What Are Outbound Sales & How Small Businesses Can Profit

 
Outbound sales are easily defined in contrast with their counterpart, inbound sales. Inbound sales are described as having the client call you. This call is inbound. For instance, a client reads an advertisement in a magazine about your new emissions reduction technology, and calls the number given in the advertisement. Outbound sales relate to when you call the client. This call is outbound. The term typically associated with outbound sales is cold calling or cold emailing.

The most important objective to concentrate on in outbound sales is the generation of sales leads. This objective can be accomplished in a variety of ways:

  • Purchase leads from a market intelligence firm like Industrial Resources Info.
     

  • Setup a booth at a major industrial conference. The booth itself is also a marketing tool, but at the conference, you can collect business cards and scan badge information into your database.
     

  • Write an article for a trade magazine.
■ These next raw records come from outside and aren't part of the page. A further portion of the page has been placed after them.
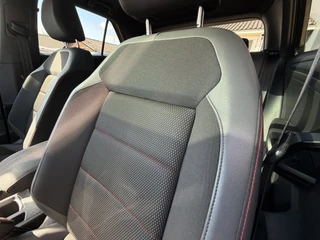 Volkswagen T-Roc 1.5 TSI Sport Business R-Line / Pano / ACC / Led / IQ Drive / Camera / Trekhaak . / 25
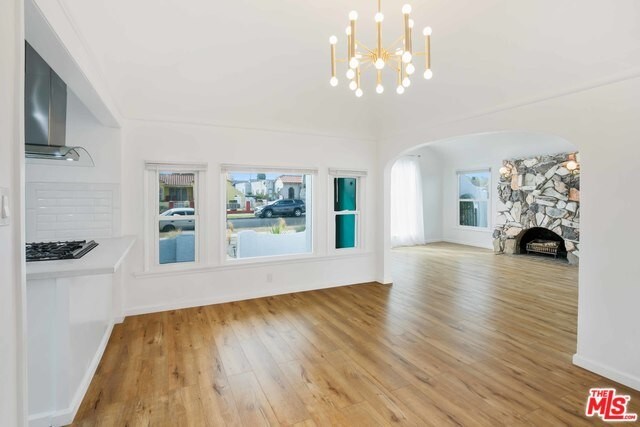 Building Photo - 1851 W 81st St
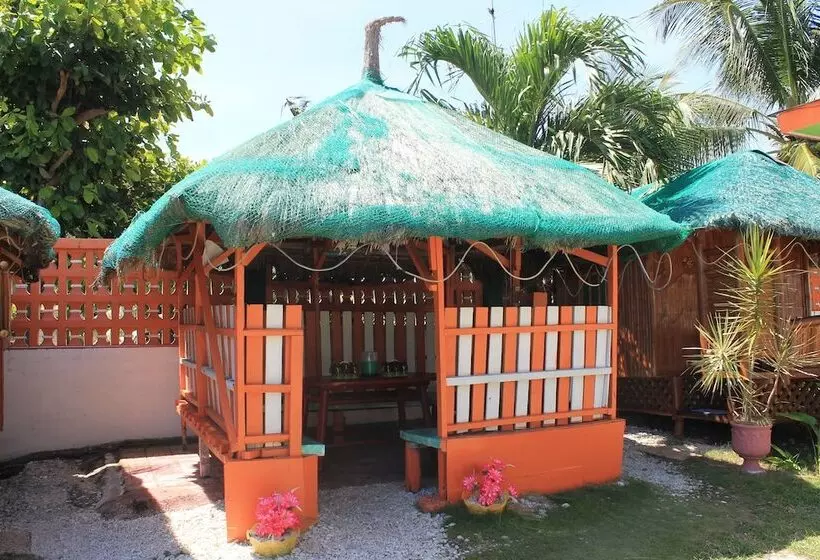 ペンション Maxvir Inn Beach Resort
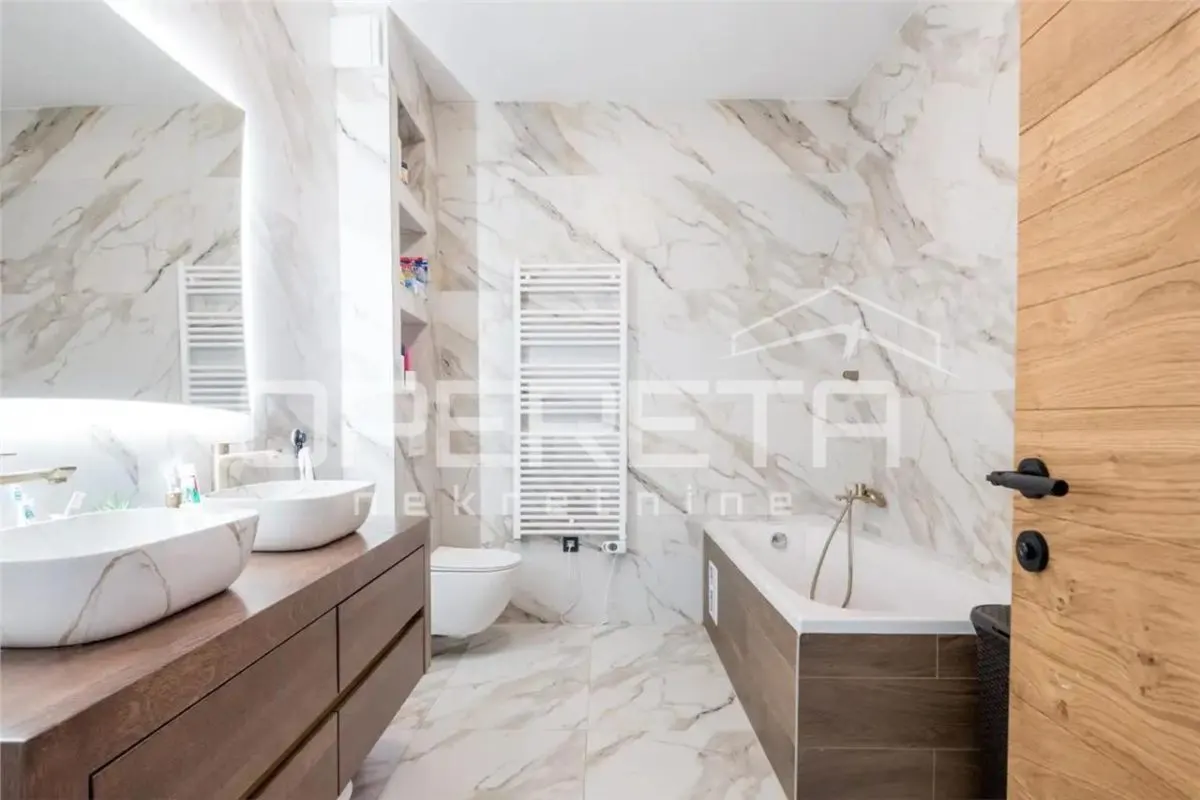Villa Excepcional de Madera de Alerce en Venta en Gornji Kneginec, Croacia - foto 20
The best opportunities occur when the magazine inserts a postage paid return card that allows readers to circle numbers identified with the article to get more information.
     

Another important aspect involved in outbound sales is knowledge of your product and your industry. A prospective client may need and want your product, but he may not be sure if you and your company are trustworthy. If you are selling an industrial valve, then know the technical specifications of the valve and something about the science behind it. Furthermore, read up on how the valve is used in the industries to which you are selling.

Lastly, do the leg work. Another way to get the trust of the client is to go over absolutely all questions that he may have. Just say, “I do not know off-hand, but I will be glad to find out for you”. This gives the client confidence that you will be there to help if the product breaks a few days after purchase, and he will be confident that you will go the extra mile for him.